Supplied data below:

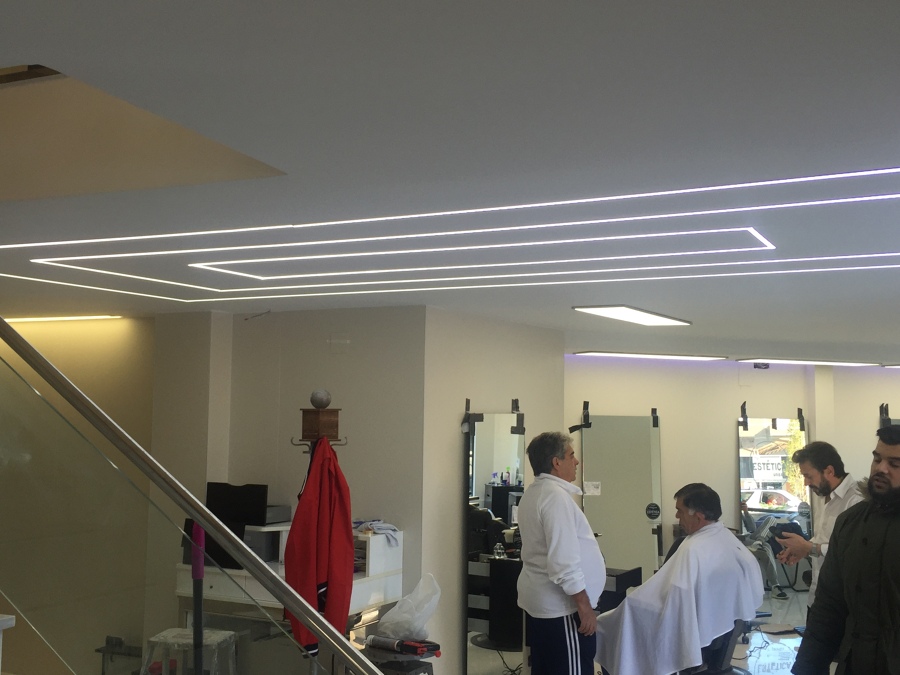 DISEÑO TECHO PERFIL Y TIRAS LED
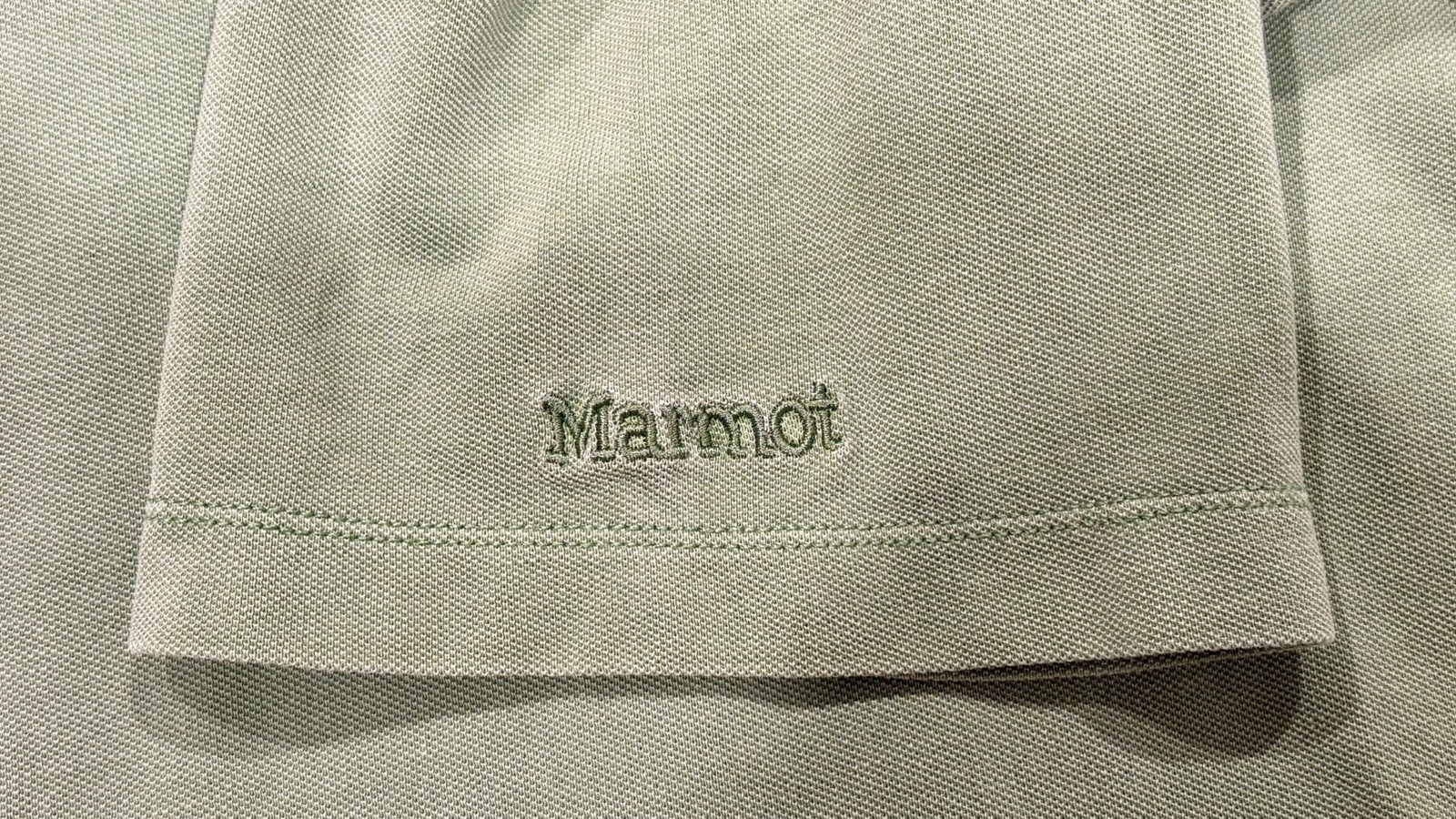 Marmot Carson Polo Button Shirt Men Size M Green, Pocket, Collar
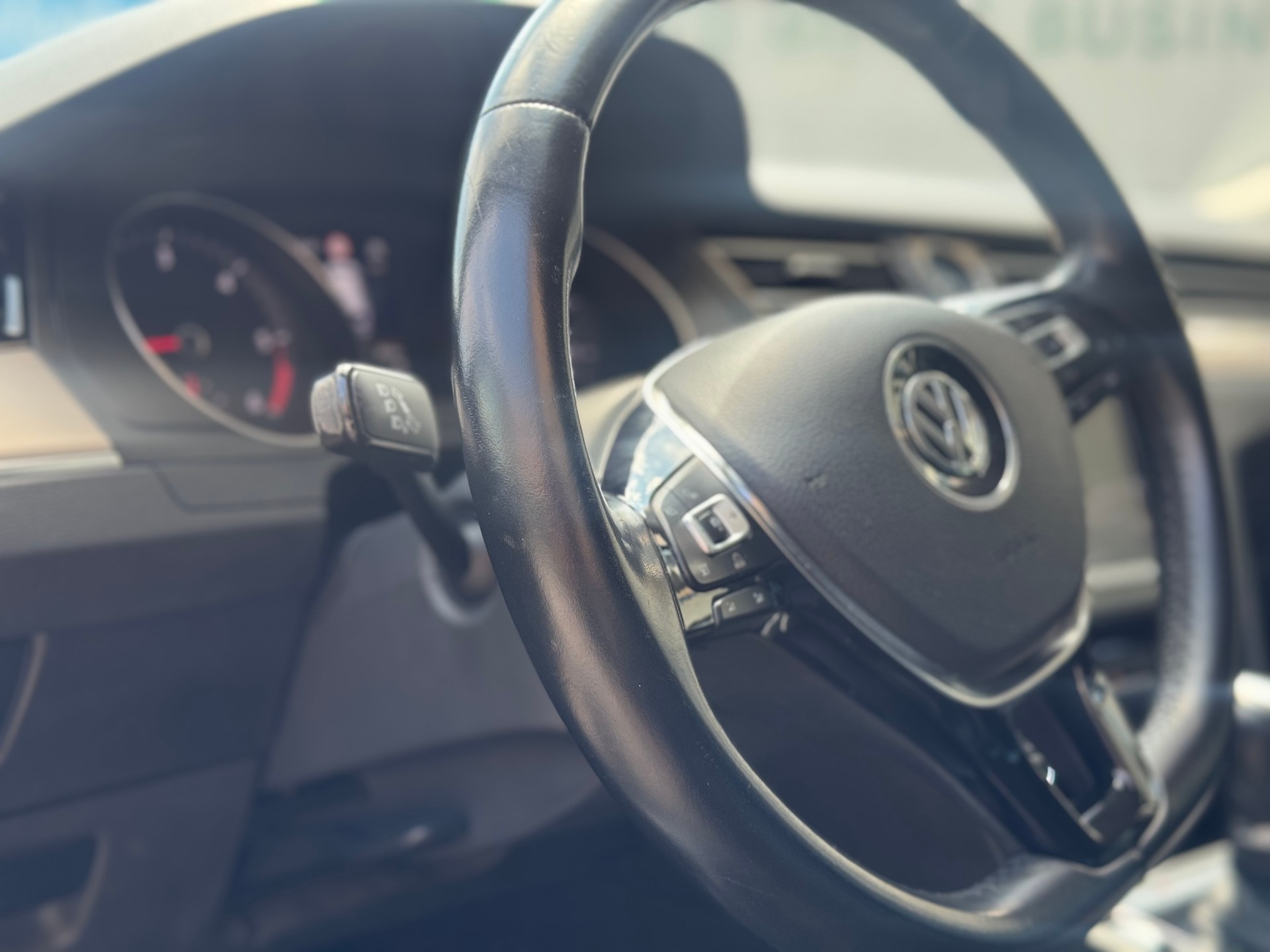VW Passat Variant 2.0 TDI BMT High. DSG 4Motion-image-15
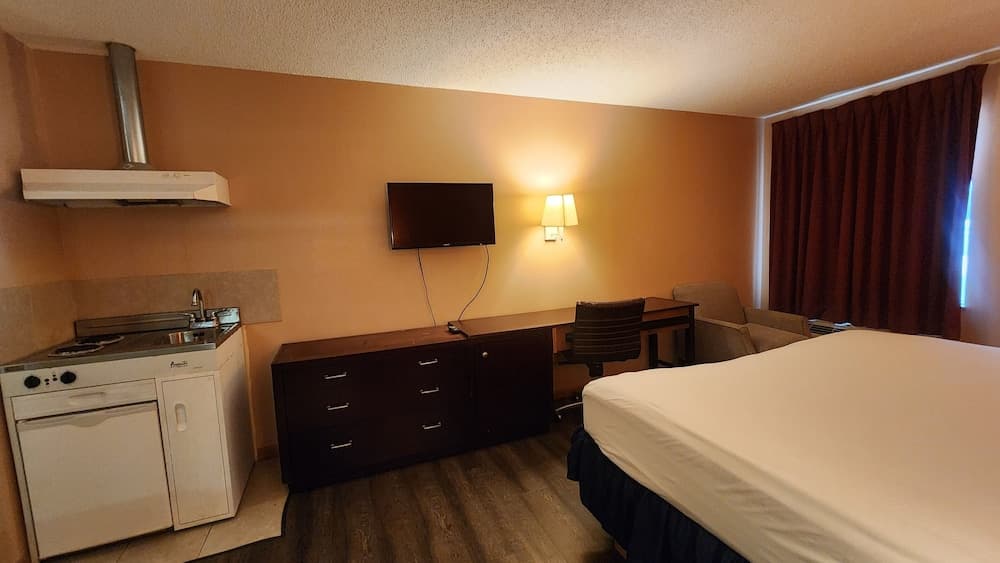 Capital O Fairway Inn - Baytown La Porte TX interior in La Porte, TX — gallery photo 2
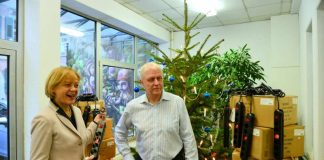 Zur Vermeidung von Geräte-Standby übergibt Anne Sick, Leiterin des Amts für Hochbau und Gebäudewirtschaft, Stadtkämmerer Torsten Dollinger 390 schaltbare Steckdosenleisten. (Foto: Fränkle)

End of Supplied data.

> **Your instructions**: Each line from the one containing "Marmot Carson Polo" through the last line of the data should be written out exactly. Skip the pictures, and add no other lines.

> **Response to this task**:
 Marmot Carson Polo Button Shirt Men Size M Green, Pocket, Collar
VW Passat Variant 2.0 TDI BMT High. DSG 4Motion-image-15
 Capital O Fairway Inn - Baytown La Porte TX interior in La Porte, TX — gallery photo 2
 Zur Vermeidung von Geräte-Standby übergibt Anne Sick, Leiterin des Amts für Hochbau und Gebäudewirtschaft, Stadtkämmerer Torsten Dollinger 390 schaltbare Steckdosenleisten. (Foto: Fränkle)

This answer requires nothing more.